A year after Fül was established, Avery created a fake email from Howard Schultz (Starbucks’ former CEO) reportedly offering him a lucrative job in Los Angeles as the leader of the "entrepreneur outreach" program for his venture capital firm "Mavron". Avery used the fake job offer as a way to convince his wife to close down "Fül" for good in order to move to Los Angeles. Upon moving to Hollywood he started pursuing an acting career.

Hollywood publicist Nedda Soltani, who was assigned by the company "Entertainment Fusion Group" to help boost Avery's profile as an actor, stated that Avery's time in Hollywood was a split between acting and a "financial startup situation" where he "invested in emerging brands and companies".

==Fraud==
===Investment scheme===
In 2013, Avery was a co-founder, along with the Hallivis brothers (Julio and Diego Hallivis), of the 1inMM Productions company (“One in a Million”). One of the company's projects of note was a new film fund to produce and finance two to three elevated genre films under $5M per year for global audiences.

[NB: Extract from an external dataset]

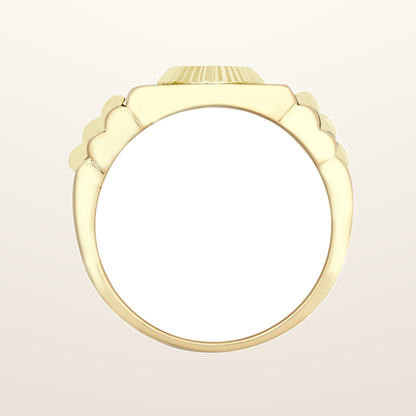 IT_ROLE:studio_clean | 9ct Yellow Gold Cubic Zirconia Set Watch Strap & Bezel Ring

In 2015 the company had purported to start to produce, acquire, and distribute content to mainstream audiences. Avery had told investors that he had acquired and distributed dozens of films including titles like the documentary Active Measures, the Italian comedy-drama and Director’s Fortnight selection Lucia's Grace, the Canadian Indigenous-focused zombie film Blood Quantum, and the French drama La Melodie, particularly in Latin America. In 2015, 1inMM's annual report touted that it had acquired and distributed 49 films “without incurring a single loss in the process.”

===Funds===
The scheme was promoted as a “safe” investment as it was one which acquired the rights to film titles prior to releasing funds for the film. In total, investors had given him a combined $650 million for the fictitious movie deals with HBO and Netflix. However, the funds were used to repay previous investors (i.e., using the money he took from new investors to repay old ones) and to bankroll his lifestyle. Avery's lifestyle expenses included, interior decorating ($706,000), Mercedes Benz and Audi cars ($605,000), private jet and yacht trips ($345,000), Los Angeles party consultant services ($174,000), Las Vegas casinos and nightclubs ($136,000), credit-card payments to American Express ($6.9 million), and a Beverlywood residence ($5.7 million).

===Defaults===
In late 2019, Avery began defaulting on payments due to investors. He blamed the problem on HBO and Netflix, which Avery claimed had refused to pay for movies they had licensed from his company. In reality, neither Avery nor his company had ever done business with HBO or Netflix. Avery had not secured any distribution rights, but forged hundreds of distribution contracts as well as correspondence between himself and both HBO and Netflix in order to allay the scheme's investors' concerns. The Federal Bureau of Investigation had estimated that Avery had defaulted around a total of $227 million in payments anticipated by investors.

===Conviction===
Avery was arrested on charges of wire fraud (18 U.S.C. § 1343) on 6 April 2021, in connection with the alleged orchestration of a $690 million Ponzi scheme that began in 2015, defrauding investors of over $227 million based on false claims that investor money would be used to acquire licensing rights to films HBO and Netflix had agreed to distribute abroad On 4 October 2021, Avery pleaded guilty to one count of securities fraud. On 14 February 2022, Avery was sentenced to 20 years in federal prison and ordered to pay $230 million in restitution. Horwitz is currently incarcerated at FCI Terminal Island.

===Victims' impact===
The largest source of investor funds for the scheme were raised by JJMT Capital. JJMT Capital had formed when Avery notified friends and fellow Indiana University graduates of his proposal to acquire licensing rights. The group had sourced investors for Avery's promissory notes, including their family, friends and professional contacts. JJMT's principals were reported as having been duped by Avery, and cooperated with the federal investigators. In total, JJMT alone raised about $216 million, securities filings show, and entered into 500 promissory notes. JJMT alerted federal law enforcement to the scheme when Avery stopped making payments on 160 notes sold through JJMT ($160 million in principal and $59 million in returns).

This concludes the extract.